Published: 06 October, 2008, 17:15

AFP Photo / Jewel Samad

AFP Photo / Jewel Samad


Ukrainian military officer and journalist Dmitri Timchuk spent more then a year in Iraq with the Ukrainian troops stationed there. RT is the first to publish his observations of daily life in the Middle Eastern country in English. (Part VII)

Things to do in Iraq (Part I)

Not the right desert (Part II)

Americans happy to sleep with bugs (Part III)

Building the future: brick-by-brick (Part IV)

Don’t worry, they won’t shoot! (Part V)

The vampire gets stung (Part VI)

The everyday life of Ukrainian soldiers in Iraq is exotic compared to life at home. The dining facilities are what strike our guys first.

It’s well known that the Ukrainian canteens don’t offer a lot of variety, you eat what they give you, and there’s no choice of dishes. Here, on the contrary, the choice is rich and varied. The dining facility at the Delta base camp, just as at any other coalition forces camp in Iraq, is American, funded by a company call ESS. And there’s another monopoly, KBR, which handles the supplies. They say both companies belong to the not-unknown Dick Cheney.

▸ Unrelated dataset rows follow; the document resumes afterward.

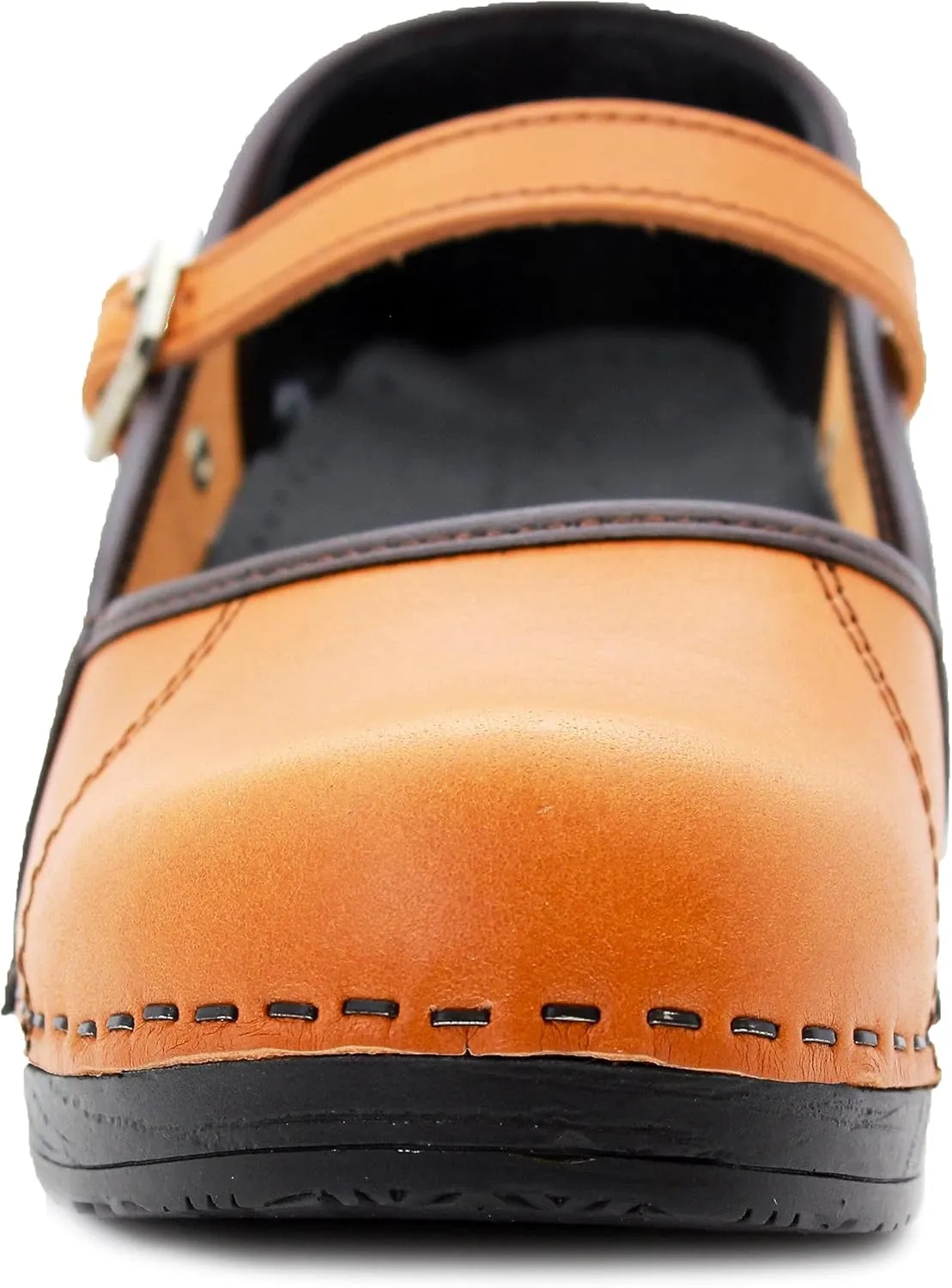 BJORK Swedish Comfort Women's Marcella Mary Jane Leather Clogs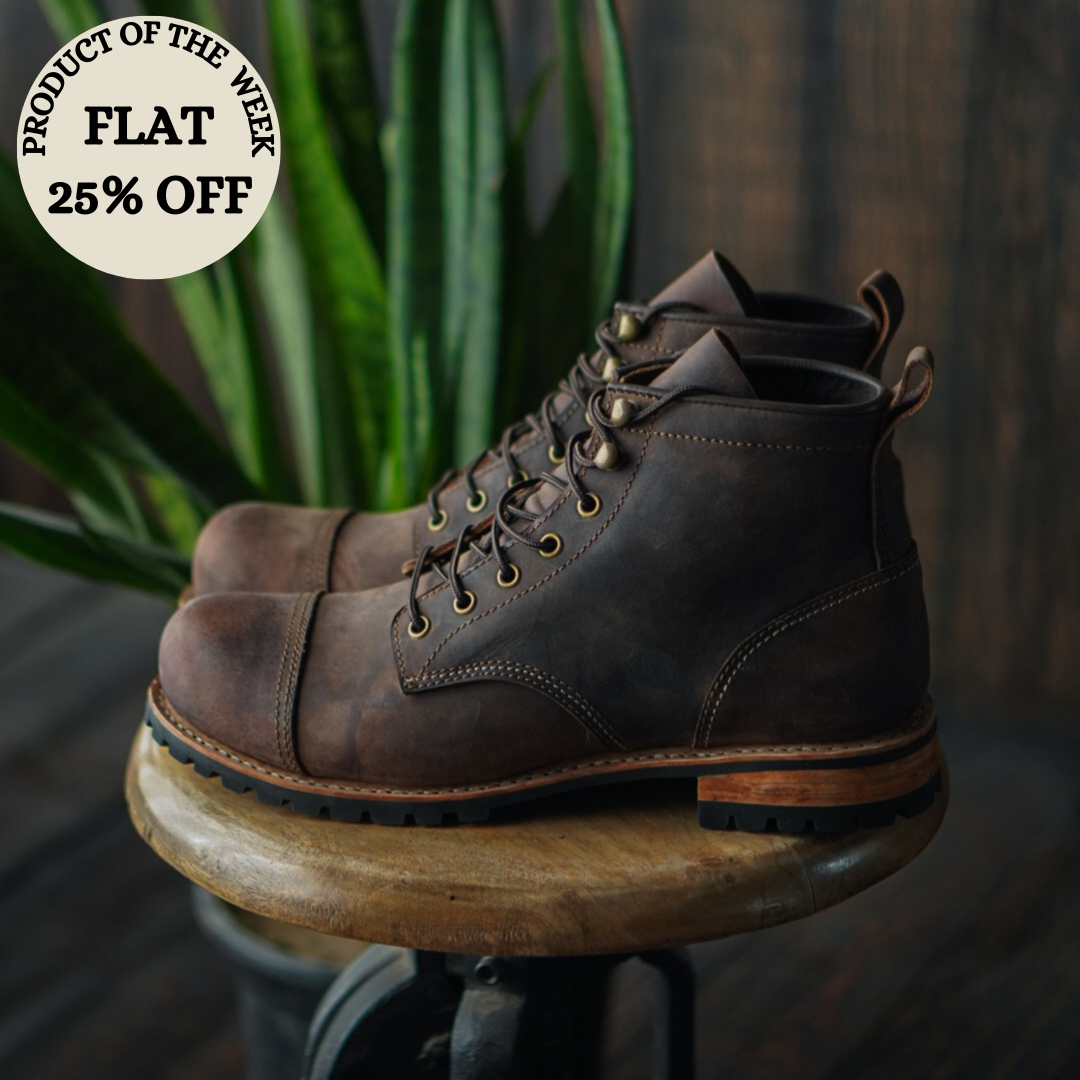 Ranger Boots 6" (Vintage Brown) Goodyear Welted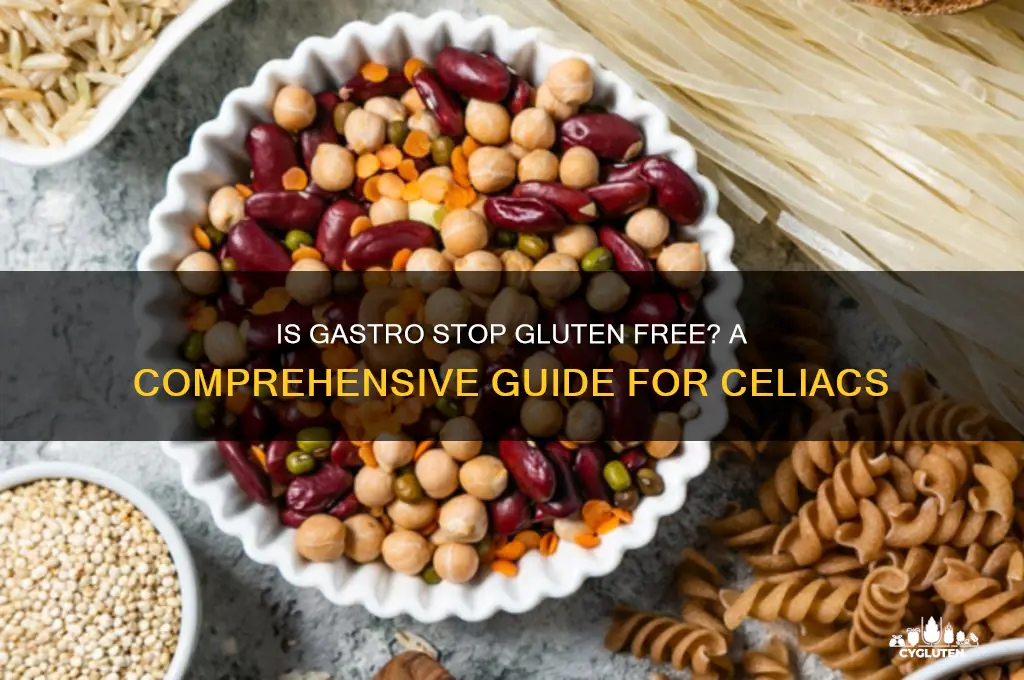 is gastro stop gluten free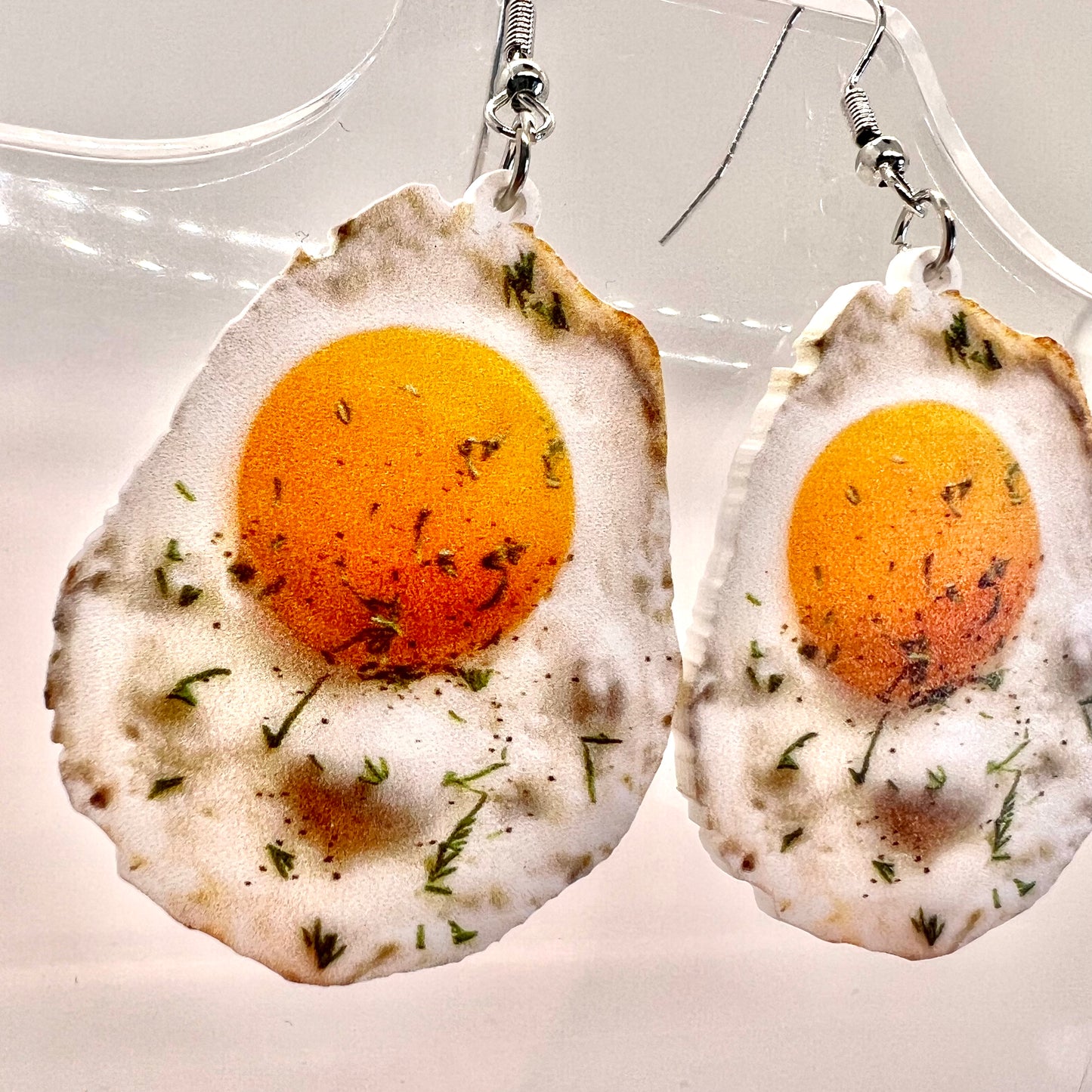 Fried Egg Earrings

It’s impossible to find the dining facility at Delta if you don’t know its exact location. From the outside, it looks just like a three-meter-tall wall made of massive concrete blocks. And, only after going through a labyrinth of other concrete walls do you enter a huge hangar. All this acts as a precautionary measure – what better place to destroy the whole contingent than here, when everyone’s having lunch?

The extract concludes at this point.